Season of the Devil

Season of the Devil è, in pieno stile Diaz, destrutturazione di un genere. Il musical, in questo caso. Anti-musical per eccellenza, non c'è spazio per la musica, non c'è spazio per la danza. Il canto, qui, è l'unica forma di comunicazione, il parlato è relegato a pochissime, sfuggevoli battute.
Non è una novità, nel cinema di Lav Diaz, il canto. Pensiamo all'inizio meraviglioso di Century of Birthing, con il battesimo accompagnato dal canto di padre Tiburcio; pensiamo alla struggente scena della donna solla nella foresta, di notte, in Melancholia.
Dedicato alle vittime della Legge Marziale istituita sotto il regime di Marcos, Season of the Devil fa "bene ma non benissimo". E, paradossalmente, il "non benissimo" proviene proprio dalle canzoni, caratterizzate, ciascuna, da pochi versi, ripetuti allo stremo, fino a divenire quasi fastidiosi. Sicuramente, dal punto di vista musicale, il punto più alto è raggiunto dal refrain delle canzoni dei soldati (il bellissimo "la la, la la"), sublimato nel finale, nella voce di Hugo.
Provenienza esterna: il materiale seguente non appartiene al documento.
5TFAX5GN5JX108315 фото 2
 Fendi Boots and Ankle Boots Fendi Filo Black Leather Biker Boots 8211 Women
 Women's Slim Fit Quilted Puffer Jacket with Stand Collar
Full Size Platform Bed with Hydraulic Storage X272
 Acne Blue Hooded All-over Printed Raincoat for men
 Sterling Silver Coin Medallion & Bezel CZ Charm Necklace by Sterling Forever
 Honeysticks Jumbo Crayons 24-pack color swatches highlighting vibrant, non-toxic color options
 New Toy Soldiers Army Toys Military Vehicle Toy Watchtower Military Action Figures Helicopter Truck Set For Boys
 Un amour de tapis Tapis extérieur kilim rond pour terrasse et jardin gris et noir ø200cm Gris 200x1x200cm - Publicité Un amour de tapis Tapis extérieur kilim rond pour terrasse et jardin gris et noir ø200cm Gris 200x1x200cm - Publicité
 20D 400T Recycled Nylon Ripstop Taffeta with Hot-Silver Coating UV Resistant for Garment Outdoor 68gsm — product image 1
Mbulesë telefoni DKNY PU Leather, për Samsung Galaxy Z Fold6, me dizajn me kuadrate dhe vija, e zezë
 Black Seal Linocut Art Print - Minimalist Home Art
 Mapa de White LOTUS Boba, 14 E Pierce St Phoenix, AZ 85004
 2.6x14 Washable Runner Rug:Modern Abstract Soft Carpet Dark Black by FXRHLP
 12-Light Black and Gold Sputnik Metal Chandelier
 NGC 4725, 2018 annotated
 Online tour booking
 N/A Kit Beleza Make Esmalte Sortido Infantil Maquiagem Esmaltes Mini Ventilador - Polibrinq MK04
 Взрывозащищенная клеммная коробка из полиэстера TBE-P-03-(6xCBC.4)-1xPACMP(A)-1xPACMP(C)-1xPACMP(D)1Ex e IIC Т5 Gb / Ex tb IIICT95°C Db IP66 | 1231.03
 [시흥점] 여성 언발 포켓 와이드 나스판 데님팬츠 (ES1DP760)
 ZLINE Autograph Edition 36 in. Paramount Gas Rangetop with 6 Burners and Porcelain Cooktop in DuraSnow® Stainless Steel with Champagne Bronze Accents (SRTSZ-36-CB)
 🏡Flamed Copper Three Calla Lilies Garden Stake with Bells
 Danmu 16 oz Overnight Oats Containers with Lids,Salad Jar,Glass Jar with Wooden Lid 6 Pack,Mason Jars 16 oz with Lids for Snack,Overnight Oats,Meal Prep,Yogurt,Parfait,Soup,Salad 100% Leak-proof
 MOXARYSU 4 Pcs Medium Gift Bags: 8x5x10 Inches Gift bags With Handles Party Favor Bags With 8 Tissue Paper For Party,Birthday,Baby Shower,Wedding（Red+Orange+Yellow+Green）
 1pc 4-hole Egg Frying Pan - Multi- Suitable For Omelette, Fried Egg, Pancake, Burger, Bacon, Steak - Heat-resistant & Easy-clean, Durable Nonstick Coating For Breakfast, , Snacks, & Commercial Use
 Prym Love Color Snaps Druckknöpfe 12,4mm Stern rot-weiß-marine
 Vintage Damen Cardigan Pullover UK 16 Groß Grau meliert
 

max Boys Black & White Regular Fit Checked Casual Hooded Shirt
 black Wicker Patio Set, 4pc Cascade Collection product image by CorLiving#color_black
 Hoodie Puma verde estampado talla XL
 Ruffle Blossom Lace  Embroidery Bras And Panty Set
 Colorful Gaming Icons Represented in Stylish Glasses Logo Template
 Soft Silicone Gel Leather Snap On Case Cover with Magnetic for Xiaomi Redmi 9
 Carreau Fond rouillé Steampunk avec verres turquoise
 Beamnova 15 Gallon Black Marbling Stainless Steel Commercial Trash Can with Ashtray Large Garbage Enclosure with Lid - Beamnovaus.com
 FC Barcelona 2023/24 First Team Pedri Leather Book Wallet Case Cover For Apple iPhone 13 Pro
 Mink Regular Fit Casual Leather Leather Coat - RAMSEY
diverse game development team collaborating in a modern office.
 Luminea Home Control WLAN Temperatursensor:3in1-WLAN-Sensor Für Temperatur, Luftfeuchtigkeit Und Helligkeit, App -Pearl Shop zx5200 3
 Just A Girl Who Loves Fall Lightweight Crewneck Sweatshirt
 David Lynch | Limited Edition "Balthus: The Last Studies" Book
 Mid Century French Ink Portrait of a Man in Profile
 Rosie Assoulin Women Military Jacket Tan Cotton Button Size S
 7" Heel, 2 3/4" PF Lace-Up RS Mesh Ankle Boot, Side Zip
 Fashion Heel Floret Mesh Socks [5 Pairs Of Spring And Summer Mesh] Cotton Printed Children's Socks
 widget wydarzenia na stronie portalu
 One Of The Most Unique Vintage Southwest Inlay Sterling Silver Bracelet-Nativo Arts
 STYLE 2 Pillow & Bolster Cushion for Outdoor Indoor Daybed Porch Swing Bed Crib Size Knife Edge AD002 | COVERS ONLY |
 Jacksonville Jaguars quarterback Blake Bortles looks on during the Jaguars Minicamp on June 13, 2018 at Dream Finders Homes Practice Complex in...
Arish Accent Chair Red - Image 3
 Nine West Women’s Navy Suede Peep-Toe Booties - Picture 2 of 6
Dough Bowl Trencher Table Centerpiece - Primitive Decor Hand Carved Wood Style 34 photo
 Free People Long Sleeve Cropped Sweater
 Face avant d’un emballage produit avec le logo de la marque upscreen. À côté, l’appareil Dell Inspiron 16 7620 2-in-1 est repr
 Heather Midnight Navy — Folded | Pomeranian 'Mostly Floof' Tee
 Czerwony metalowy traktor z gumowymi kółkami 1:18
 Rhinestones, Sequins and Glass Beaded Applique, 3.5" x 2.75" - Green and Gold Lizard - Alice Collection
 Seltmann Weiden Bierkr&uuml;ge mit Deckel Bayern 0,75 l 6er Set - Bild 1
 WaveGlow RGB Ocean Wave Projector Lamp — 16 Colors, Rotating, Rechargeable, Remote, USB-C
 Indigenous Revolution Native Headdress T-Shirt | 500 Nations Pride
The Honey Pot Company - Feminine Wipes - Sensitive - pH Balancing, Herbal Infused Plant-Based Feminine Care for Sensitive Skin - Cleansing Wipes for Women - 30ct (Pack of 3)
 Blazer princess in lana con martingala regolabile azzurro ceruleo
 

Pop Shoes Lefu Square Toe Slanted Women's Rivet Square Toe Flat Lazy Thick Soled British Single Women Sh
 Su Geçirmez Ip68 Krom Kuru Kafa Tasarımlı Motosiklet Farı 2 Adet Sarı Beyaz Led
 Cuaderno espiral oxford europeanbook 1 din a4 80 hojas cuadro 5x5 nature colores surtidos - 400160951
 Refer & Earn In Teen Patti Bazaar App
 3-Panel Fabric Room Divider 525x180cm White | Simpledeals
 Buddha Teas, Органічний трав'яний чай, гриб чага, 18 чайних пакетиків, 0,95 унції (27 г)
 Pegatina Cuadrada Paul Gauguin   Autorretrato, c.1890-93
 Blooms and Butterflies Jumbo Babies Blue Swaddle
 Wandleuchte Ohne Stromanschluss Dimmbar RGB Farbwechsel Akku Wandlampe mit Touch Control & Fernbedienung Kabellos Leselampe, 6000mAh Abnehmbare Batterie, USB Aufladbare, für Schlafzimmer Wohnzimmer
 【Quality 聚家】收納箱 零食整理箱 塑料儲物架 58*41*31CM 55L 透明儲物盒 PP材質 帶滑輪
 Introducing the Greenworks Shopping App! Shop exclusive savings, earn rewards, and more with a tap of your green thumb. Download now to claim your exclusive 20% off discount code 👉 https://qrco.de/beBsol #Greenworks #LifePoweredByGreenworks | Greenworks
A proposito del finale, questo si colloca mezzo gradino sotto quello di Florentina Hubaldo, CTE: forte, cattivo, spietato. Come lo è il personaggio di Hazel Orencio, che qui incarna la perfetta antitesi della protagonista, sempre da lei impersonata, del film del 2012: come è stata una meravigliosa Florentina, così è stata meravigliosa nell'incarnare tutto il male della Legge Marziale filippina.